In the illustrative embodiment, the implantable component 3 is modular and includes an outer cap 5, a capsule 7, an inner proximal cap 6 and an inner distal cap 8. The outer cap 5 can be made of a metal, such as titanium, stainless steel, cobalt chrome, titanium alloys, nickel alloys, or other biocompatible metals. The outer cap 5 can also be made out of a plastic material, such as a polyethylene composite plastic material, or ceramic based material. The outer cap 5 may have a concave shape that is complementary to an outer surface shape of the capsule 7. The capsule 7 can have an inverted spherical shape, where a portion 7c of the sphere is inverted inside itself creating the hollow spherical segment shape of the capsule 7. The capsule 7 may also have other inverted shapes, such as an inverted ellipsoidal shape. The distance between a proximal end 7a of the capsule 7 and a proximal end of the inverted portion of the capsule 7 may be in the range of 2 mm to 20 mm, or more preferably 5 mm to 20 mm. The external diameter of the capsule 7 is dependent on both the size of the patient's femoral head and acetabulum, and will typically be within the range of 30 mm to 90 mm, or preferably 30 mm to 60 mm. The capsule 7 is made of a biocompatible flexible material, such as a silicone rubber. An inner cavity 9 of the capsule 7 is filled with a fluid, such as synovial fluid, air, or saline, as shown in FIG. 2. The inner cavity 9 is filled with a sufficient fluidic volume so that the wall at the inverted portion 7b will not touch the wall at a proximal end 7a of the capsule 7 at temperatures and pressures to which the hip joint is typically subjected or, in other embodiments, at temperatures and pressures to which a joint having the prosthesis is installed is subjected.

The outer cap 5 and the capsule 7 may be rigidly connected such that they do not move relative to one another. For example, the outer cap 5 and the capsule 7 may be connected by one or more screws, such as locking screws to prevent relative movement. Other attachment means such as a latching mechanism can also be used. The outer cap 5 is connected to the capsule 7 such that its concave shape is connected to the corresponding complementary outer surface shape of the capsule 7. The outer cap 5 can be connected to the proximal end 7a of the capsule 7 either directly or indirectly by securely sandwiching proximal end 7a of the capsule 7 between the outer cap 5 and the inner proximal cap 6, which have been rigidly connected to each other.

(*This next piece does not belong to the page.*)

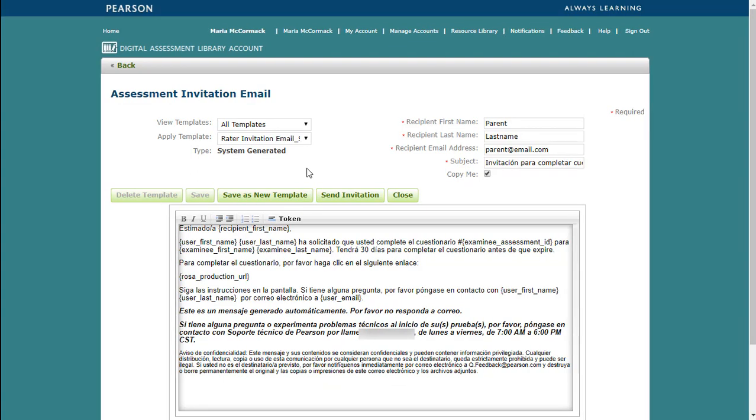You will see that the subject and the body of the email have been translated into Spanish. If you have customized the template, then click Save as New Template to reuse it in the future. It is recommended that you leave Copy Me selected. If the parent or guardian deletes their email, the Q-Global owner can forward their copy to the parent or guardian. When you're ready, click Send Invitation.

As shown in FIG. 2, both the inner proximal cap 6 and the inner distal cap 8 may be attached to the inner surface of the capsule 7. The inner proximal cap 6 can be located at the proximal end 7a of the capsule 7 and the inner distal cap 8 can be located at a distal end 7b of the capsule 7. The inner proximal cap 6 and the inner distal cap 8 can be made of a metal, such as titanium, stainless steel, cobalt chrome, titanium alloys, nickel alloys, or other biocompatible metals. The inner proximal cap 6 and the inner distal cap 8 can also be made out of a plastic material, such as a highly cross-linked polyethylene composite, or a ceramic based material. The inner proximal cap 6 and the inner distal cap 8 are generally shaped to correspond to the shape of the inner surface of the capsule 7, and thus may have the shape of a segment of a sphere or ellipsoid, for example, an a diameter corresponding to the external diameter of the capsule 7. The inner proximal cap 6 and the inner distal cap 8 may have a thickness in the range of 2 mm to 8 mm, or preferably 3 mm to 6 mm. The inner proximal cap 6 can be rigidly connected or interlocked to the outer cap 5 and the capsule 7, for example through one or more locking screws which also secures the outer cap 5 and the capsule 7, which can lock and seal the capsule 7 between the inner proximal cap 6 and the outer cap 5 at the proximal end 7a. The seal is air-tight to prevent leakage of the capsule 7. In embodiments in which the capsule contains a specific fluid, such as synovial fluid or saline, the capsule should be sufficiently tight to avoid leakage of that fluid. If any alternative fluid is used, the seal should be sufficient to prevent leakage of fluid into or out of the capsule.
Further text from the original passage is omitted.